■ Required action: Output all of the lines below exactly, and leave out each image.

--- Input data ---

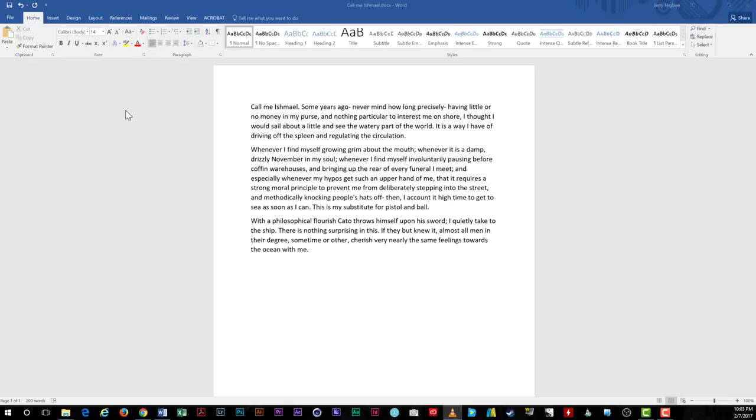Hey everyone, good to have you back. In this video I'm going to show you how to set up a Word 2016 document to track and review changes.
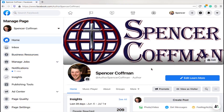Hey guys, Spencer Kaufman here. Today I'm going to show you how you can share a Facebook post to multiple Facebook groups.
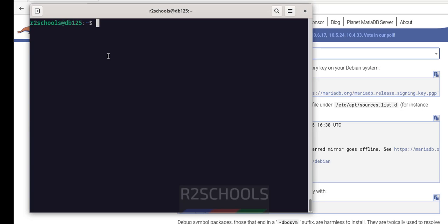So in this video we have seen how to download and install MariaDB 11.3 on Debian 12 operating system, but the process is the same on all Debian versions. For more MariaDB, MySQL, or Linux tutorials, please subscribe to my channel. Thank you.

---

■ Answer:
Hey everyone, good to have you back. In this video I'm going to show you how to set up a Word 2016 document to track and review changes.
Hey guys, Spencer Kaufman here. Today I'm going to show you how you can share a Facebook post to multiple Facebook groups.
So in this video we have seen how to download and install MariaDB 11.3 on Debian 12 operating system, but the process is the same on all Debian versions. For more MariaDB, MySQL, or Linux tutorials, please subscribe to my channel. Thank you.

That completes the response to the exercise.